Sep. 23, 2016 7:58 am

Small businesses owners can cut serious loan app time with this new city service

Philadelphia Capital Consortium is the city's new tool to connect small business owners with lenders.

Too much paperwork, too little time.

(Photo by Flickr user LornaRphoto, used under a Creative Commons license)

You’re a small business owner. You need more capital to grow, but you just don’t have the time to sit down and fill out all those loan applications.

How are you supposed to chip away at a fat stack of 30 to 40 loan applications when you’re busy owning and operating your business — especially when you don’t know which of those lenders will have an interest in giving you a loan?

The City of Philadelphia has recognized this as a problem. That’s why the Department of Commerce and a network of community lenders have come together to streamline the process. They’re calling themselves the Capital Consortium — a coalition of nonprofit and for-profit lenders working to improve access to capital for local small businesses.

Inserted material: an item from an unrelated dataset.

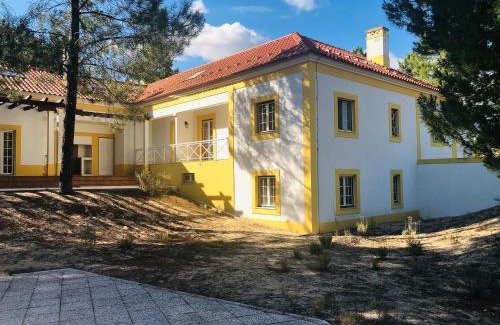 Santa Maria do Castelo Villa | Villa Sal - Spacious, private Apartment in a Villa with pool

Some of those partners include a handful of local banks, credit unions, The Enterprise Center, Impact Services, Kiva, community development financial institutions like Reinvestment Fund, and many more.

Capital Consortium

“Time is a big factor in completing these applications, and small businesses don’t really want or need to fill out so many,” said Jonathan Snyder, the city’s director of business financial resources. “This is a way to reach out to many lending partners all at once.”

Essentially, Capital Consortium is a citywide referral service. It doesn’t cancel out the need to fill out loan applications, but it does connect you with the lenders who are more likely to work with you.

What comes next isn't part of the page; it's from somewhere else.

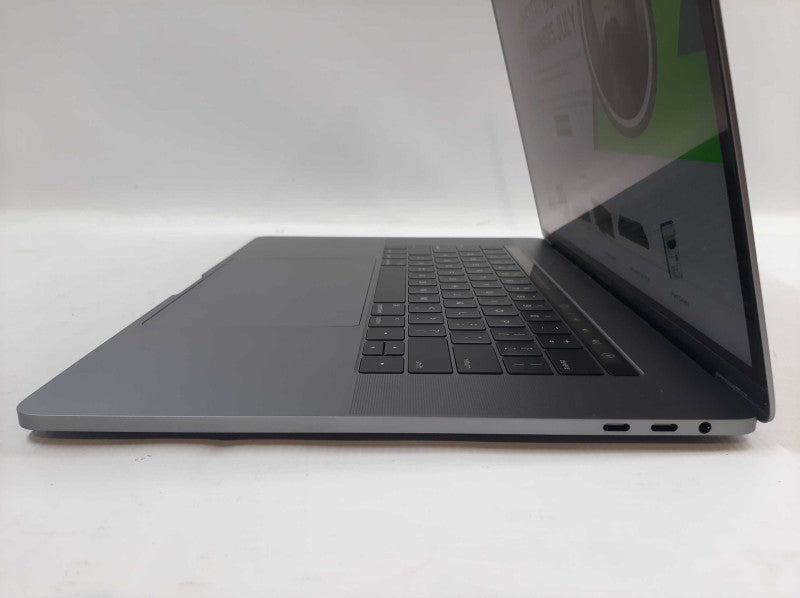 Apple Macbook Pro 2017 15\\" Core i7-7820HQ @ 2.9GHz 16GB DDR3 500GB SSD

Snyder said aside from the Small Business Association‘s SBA LINC service, which connects businesses with SBA lenders, no city has anything quite like this.

“If the lenders are interested in working with you, you’ll have an opportunity to choose from many different lenders and many different products and you can pick which loan is best for you,” said Snyder. “It’s a way of making connections. And hopefully, a time saver.”